◆ **EXERCISE PROMPT**
Take the data below and write it out exactly, except for the pictures.

◆ **EXERCISE DATA**
============
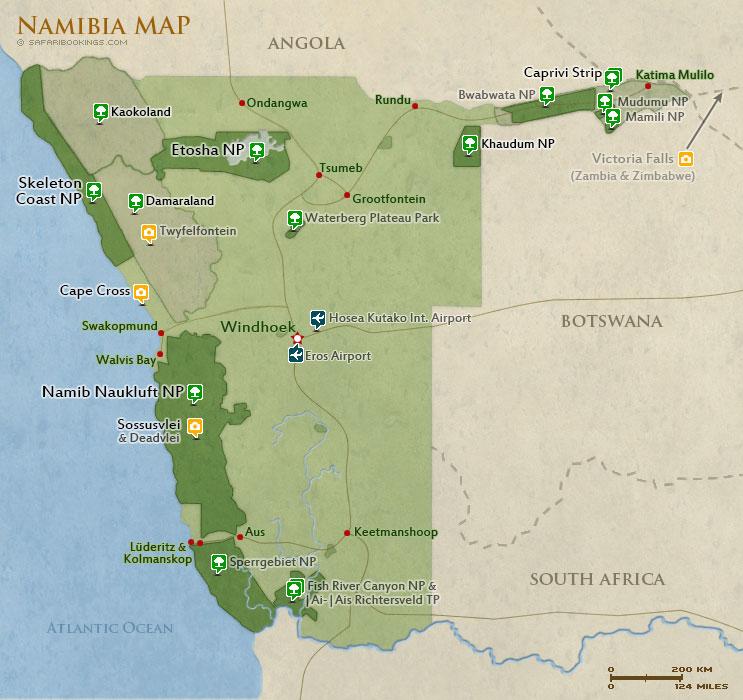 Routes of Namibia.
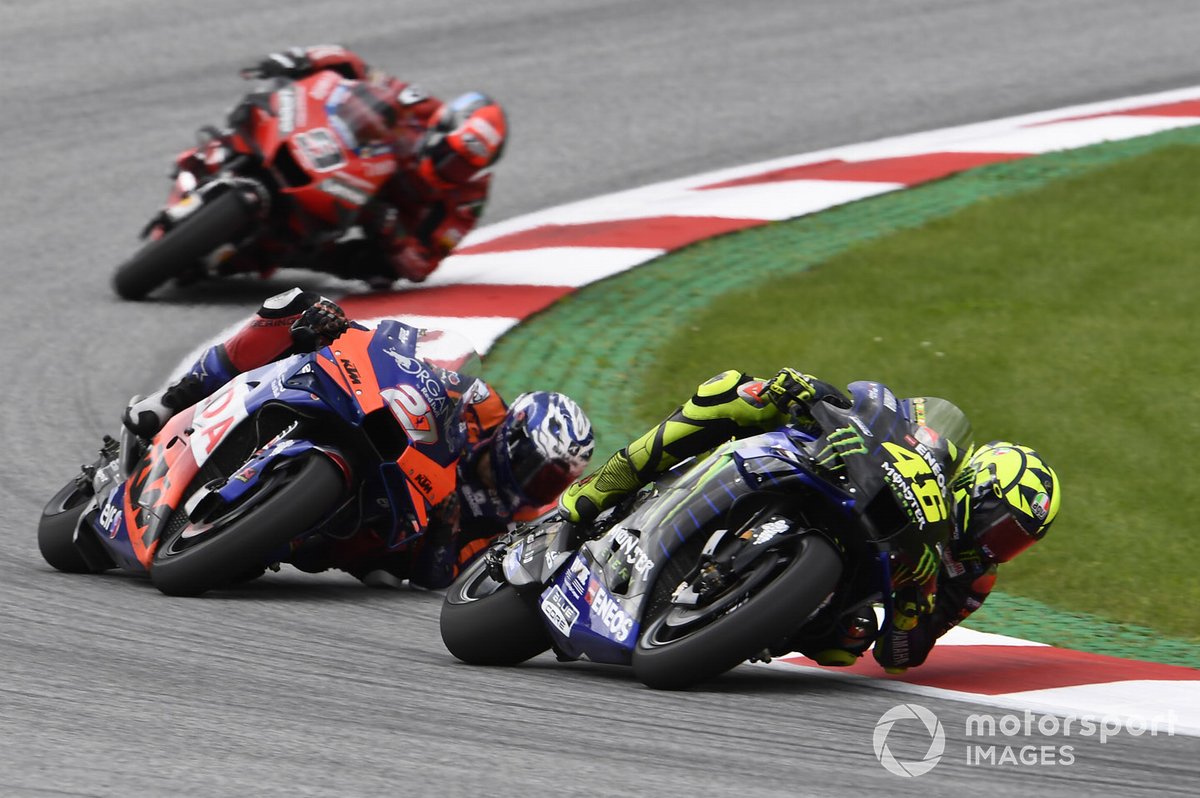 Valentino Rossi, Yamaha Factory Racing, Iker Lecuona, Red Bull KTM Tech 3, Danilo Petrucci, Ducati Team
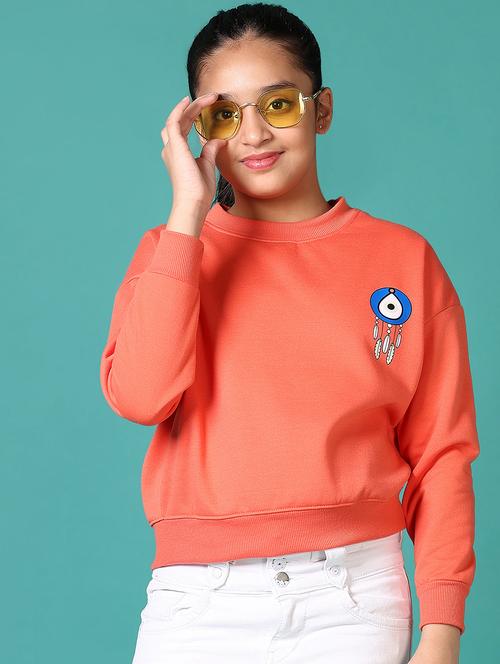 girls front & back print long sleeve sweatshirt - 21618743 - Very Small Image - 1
============
◆ **YOUR SOLUTION**
 Routes of Namibia.
 Valentino Rossi, Yamaha Factory Racing, Iker Lecuona, Red Bull KTM Tech 3, Danilo Petrucci, Ducati Team
 girls front & back print long sleeve sweatshirt - 21618743 - Very Small Image - 1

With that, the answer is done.